◆ Dataset entries
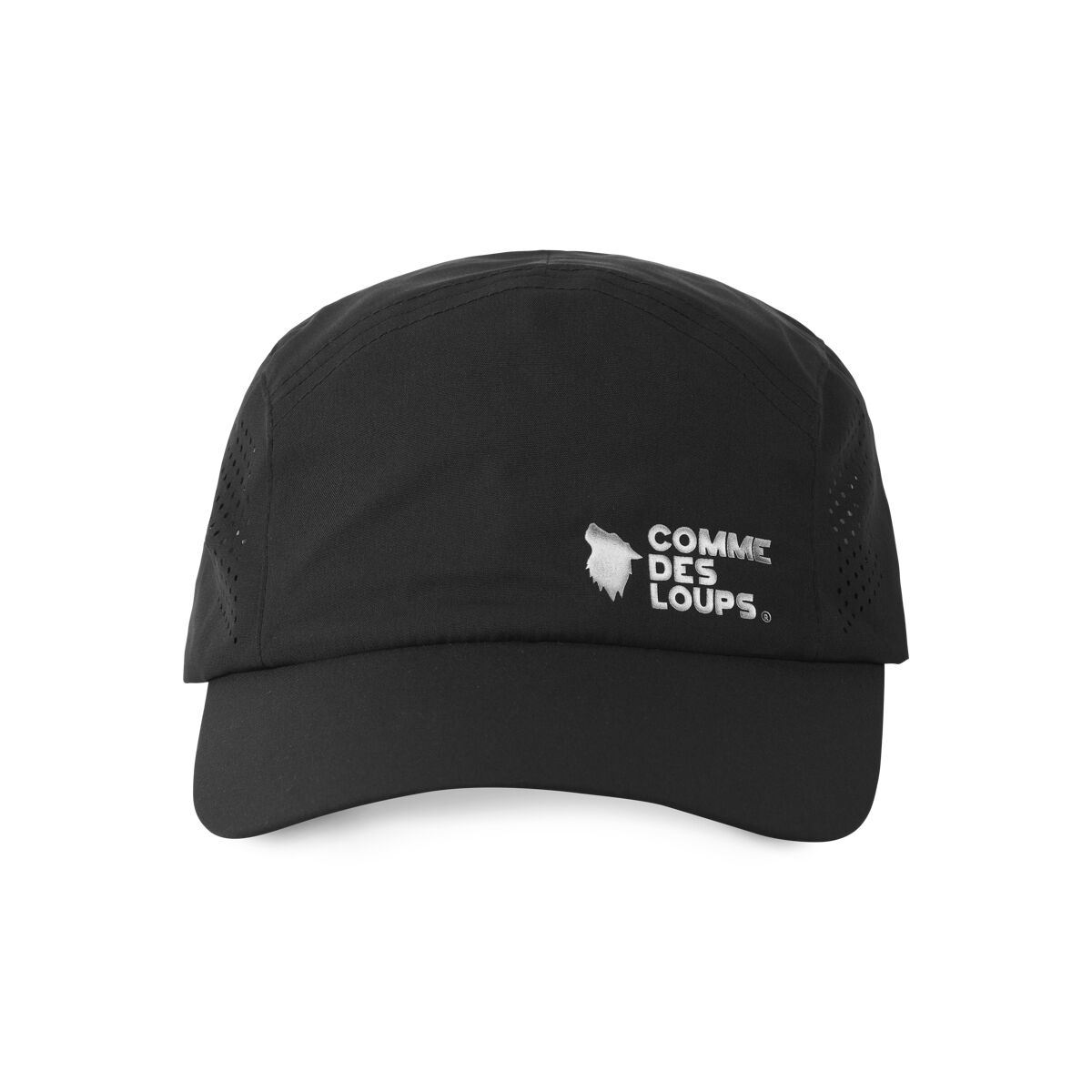 CASQUETTE COMME DES LOUPS TRAIL Noir/Reflet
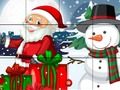 Mchezo 4x4 xmas online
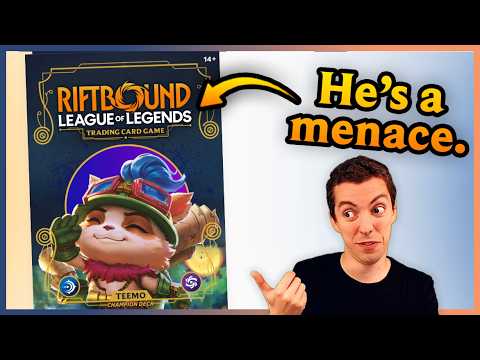 🔵 The Lost Teemo Champion Deck! 🟣 Swift Scout Riftbound Guide 🍄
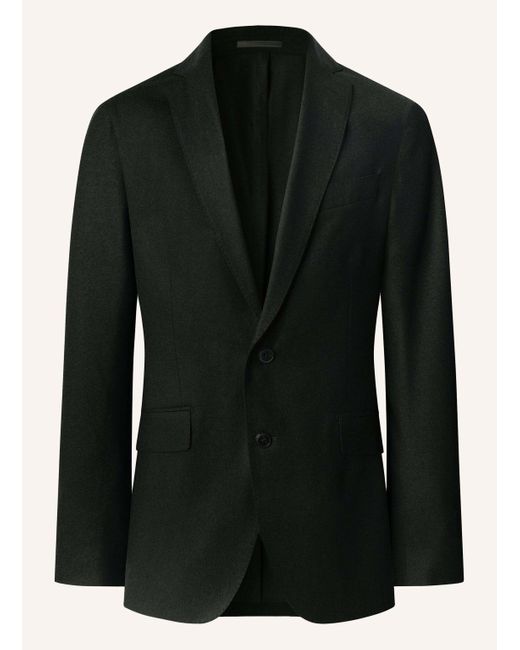 Hackett Blazer PERFORMANCE FLANNEL in Black für Herren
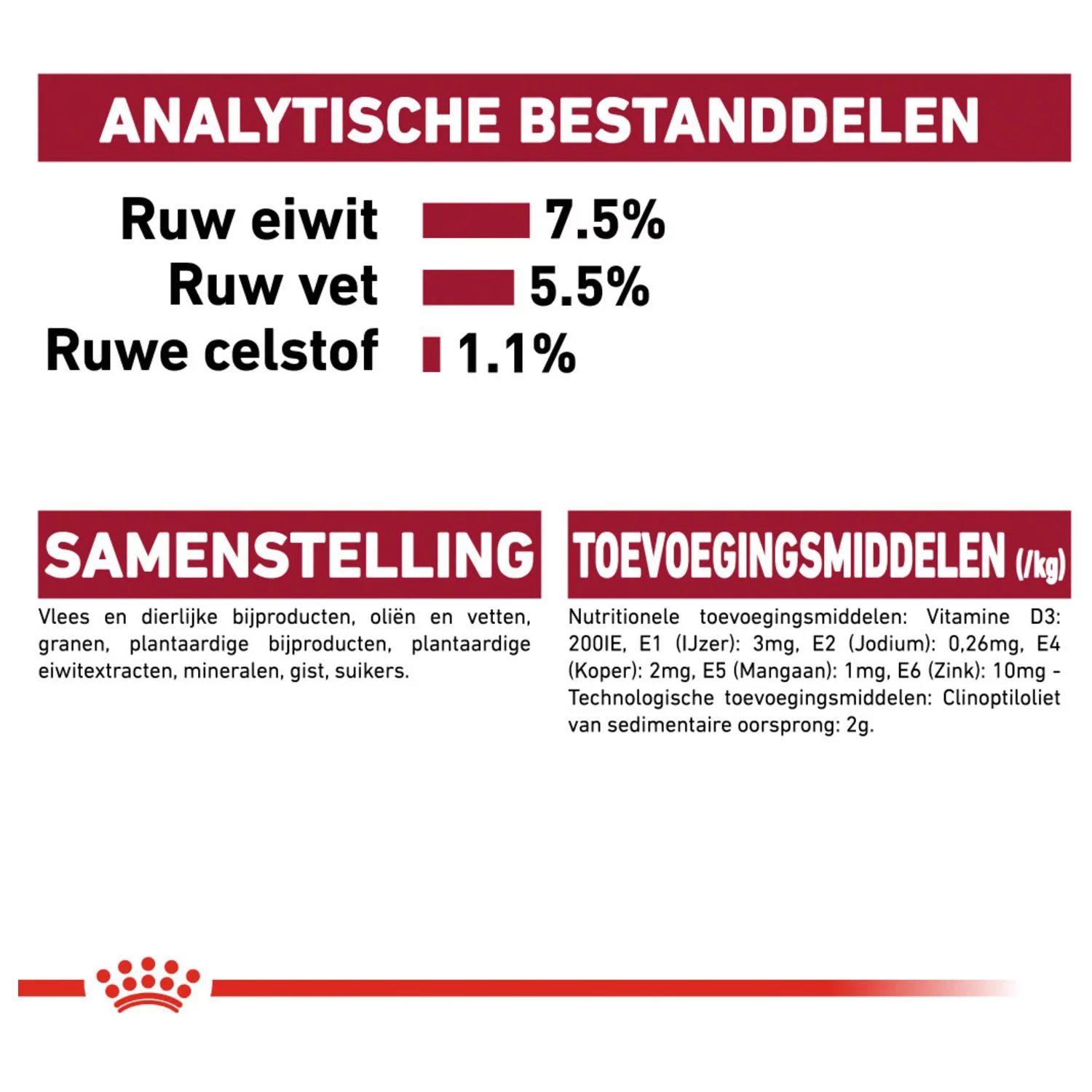 Royal Canin Medium Adult Natvoer - Hondenvoer - 10x140 G 6 Royal Canin Medium Adult Natvoer - Hondenvoer - 10x140 G - Afbeelding 6
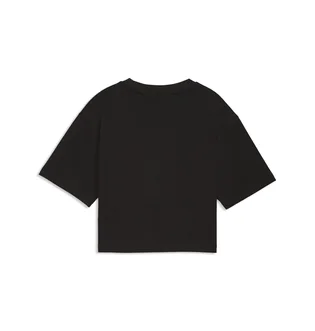 Футболка детская Puma Graphic Cat Stamp Black 634527-01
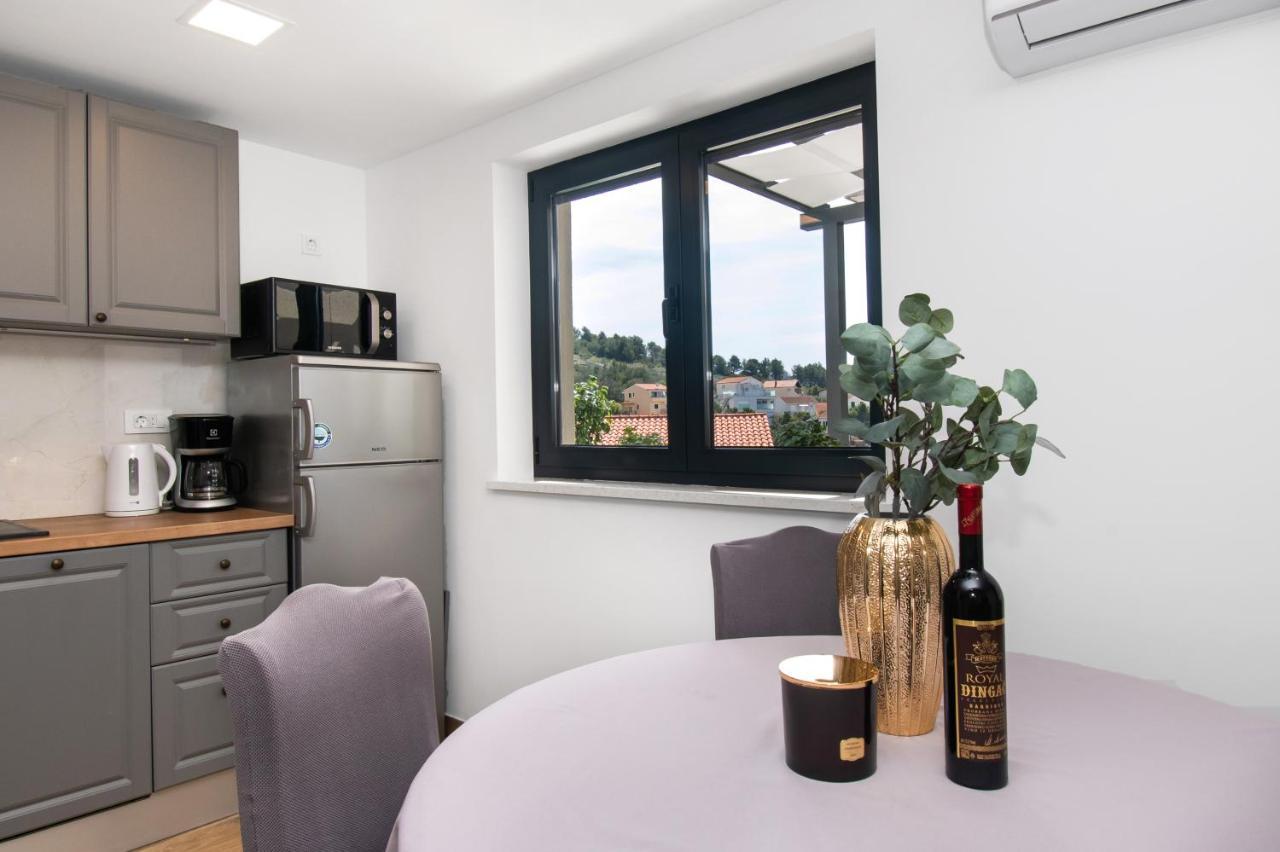 Apartmani Monika Žaborić Exteriér fotografie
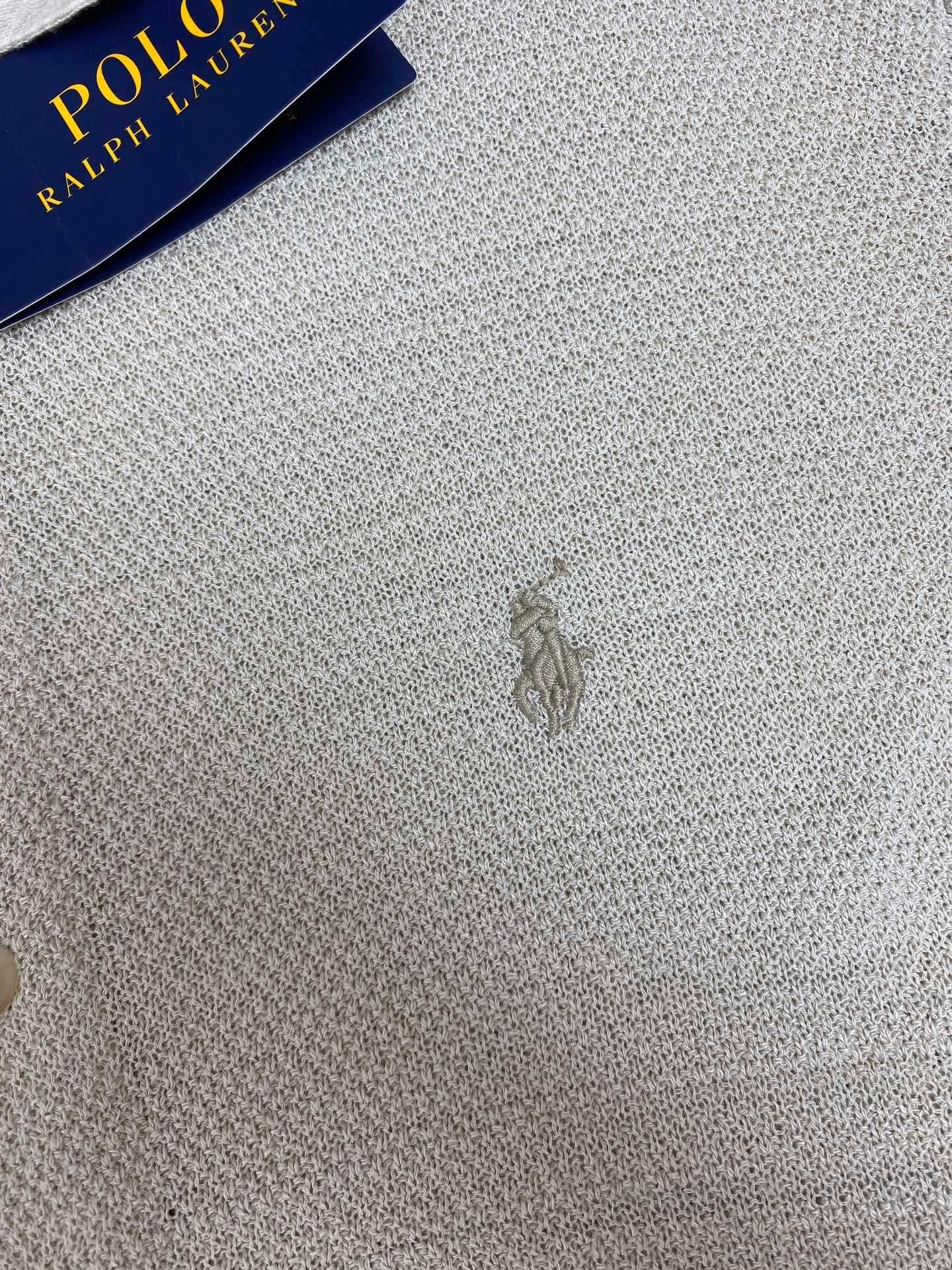 Polo Ralph Lauren L/S Cotton Blend Placket Cardigan 91302 - Image 6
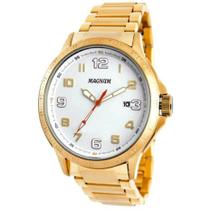 Relógio MAGNUM masculino analógico dourado MA31355H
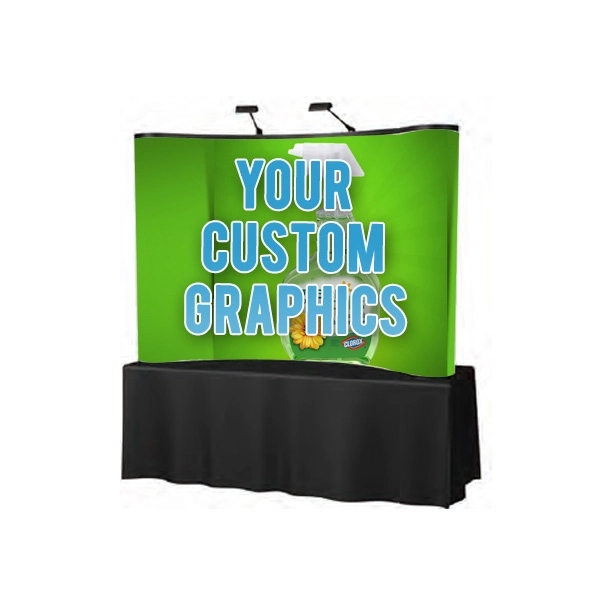8-Ft Table Top Pop Up - 8-Ft Table Top Pop Up - Image 0 of 0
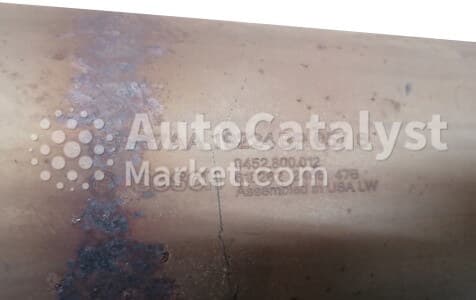 Катализатор от Chrysler, Jeep 737AA (CERAMIC+DPF)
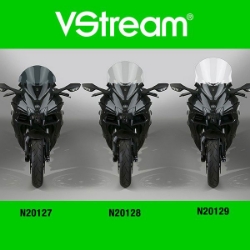 Afbeeldingen van Vervangingsruit National Cycle touring transparant Kawasaki Ninja H2 SX ’18-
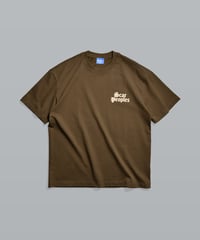 Alpha Logo Premium Tee / Brown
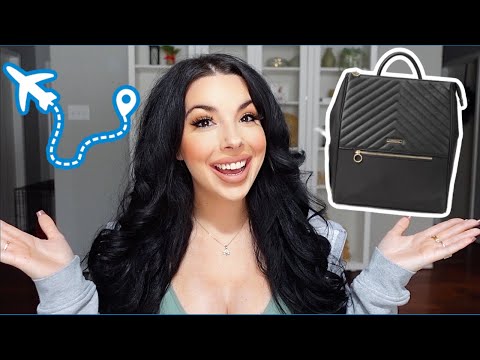 What's In My Flight Attendant Work Bag?? 🤔✈️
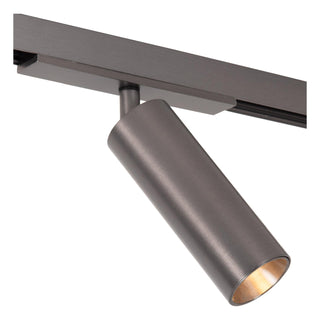 LINIAL BIX Track spotlight - 1-phase Track system / Smart track lighting - Smart - 48V Track - 1xLED - Matt black chrome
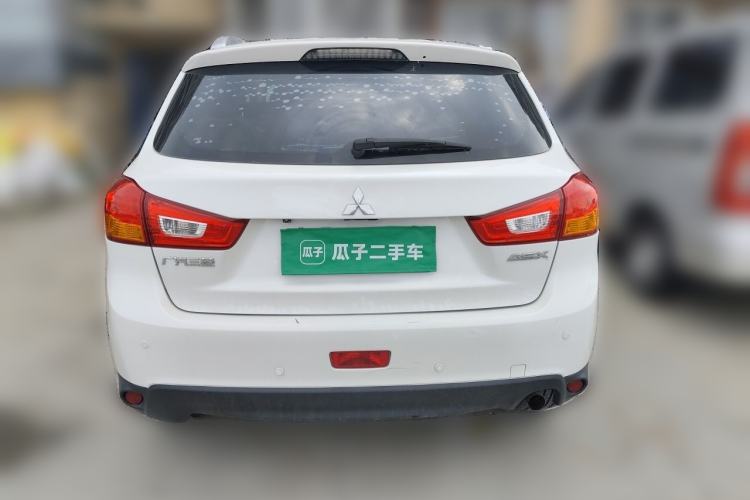 Used Mitsubishi ASX 2018 2.0L CVT Two-Wheel Drive Deluxe Edition Rear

◆ WHAT YOU ARE ASKED TO DO
What is needed is an exact copy of only the lines from the line containing "Катализатор от Chrysler, Jeep" through the last line of the entries, inclusive, without the pictures.

◆ EXPECTED ANSWER
 Катализатор от Chrysler, Jeep 737AA (CERAMIC+DPF)
 Afbeeldingen van Vervangingsruit National Cycle touring transparant Kawasaki Ninja H2 SX ’18-
 Alpha Logo Premium Tee / Brown
 What's In My Flight Attendant Work Bag?? 🤔✈️
 LINIAL BIX Track spotlight - 1-phase Track system / Smart track lighting - Smart - 48V Track - 1xLED - Matt black chrome
 Used Mitsubishi ASX 2018 2.0L CVT Two-Wheel Drive Deluxe Edition Rear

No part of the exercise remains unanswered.